[Excerpts from a dataset]
——————————

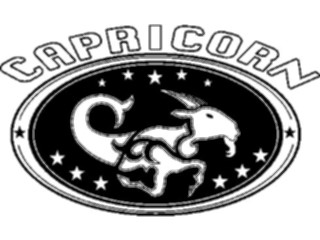 Sticker Custom Preview Image #133977 Zodiac Astrology Capricorn14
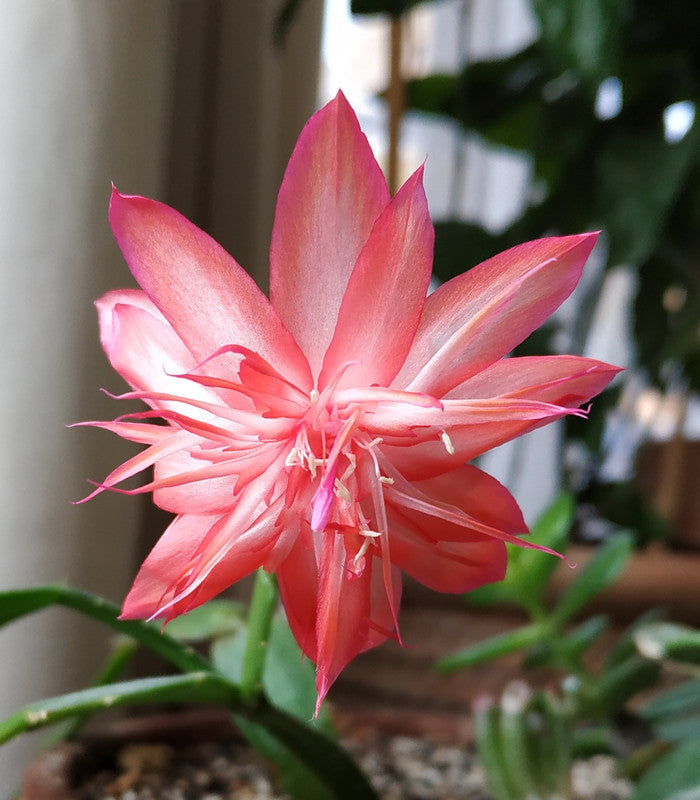 2 Schlumbergera “Laranja Dobrada” Cuttings (Unrooted) – Thanksgiving/Christmas Cactus – Rare Orange Double Bloom Holiday Cactus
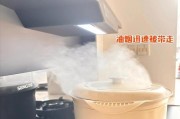集成灶电机清洗方法（轻松保持集成灶电机清洁的技巧与注意事项）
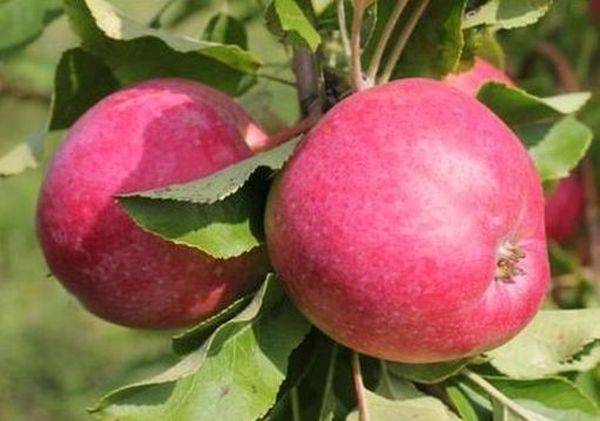 Характеристики и описание сорта яблони Веньяминовское, посадка и уход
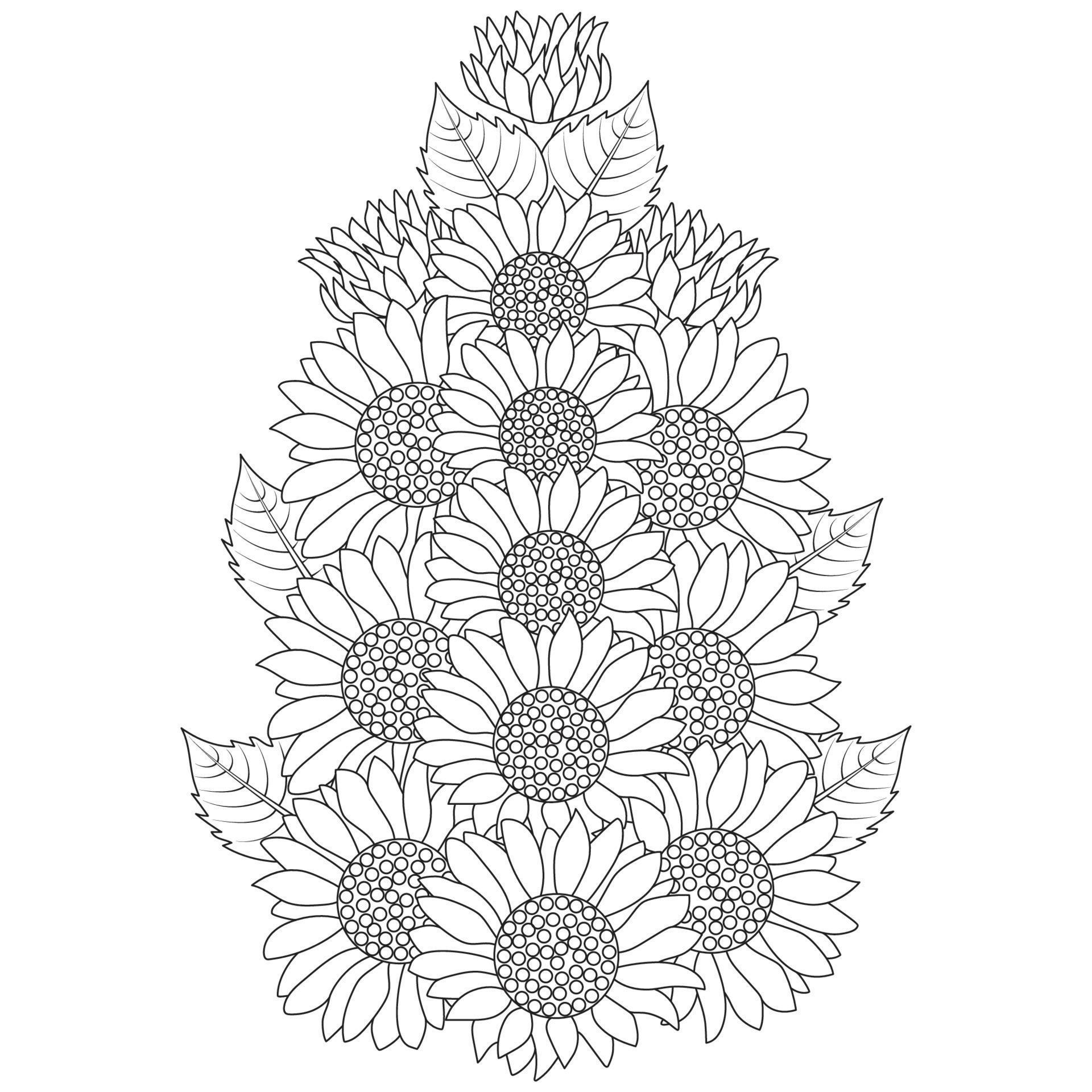 sunflower vector outline coloring page of blooming petal and leaves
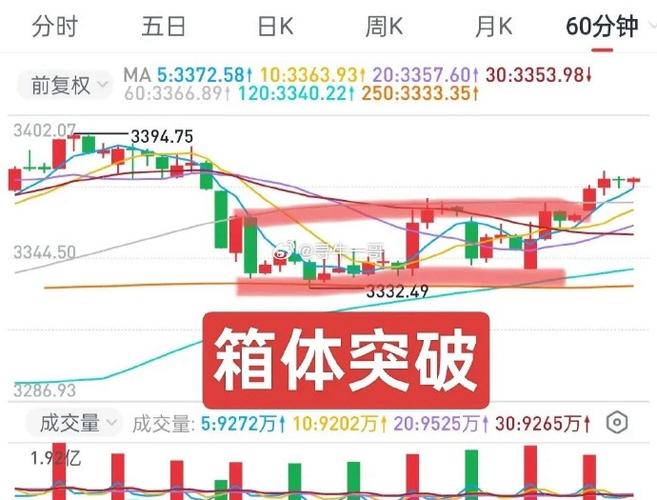 股票型基金001158今日净值（每日基金净值查询l）
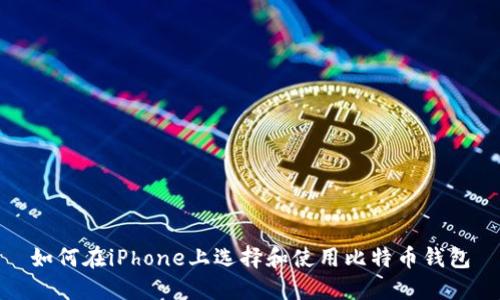 如何在iPhone上选择和使用比特币钱包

——————————

[WORK REQUEST] Nothing but the lines from the one holding "股票型基金001158今日净值（每日基金净值查询l）" to the end of the entries above should be echoed, exactly and with both ends included; omit the pictures.

[RESULT OF THIS EXERCISE]
 股票型基金001158今日净值（每日基金净值查询l）
 如何在iPhone上选择和使用比特币钱包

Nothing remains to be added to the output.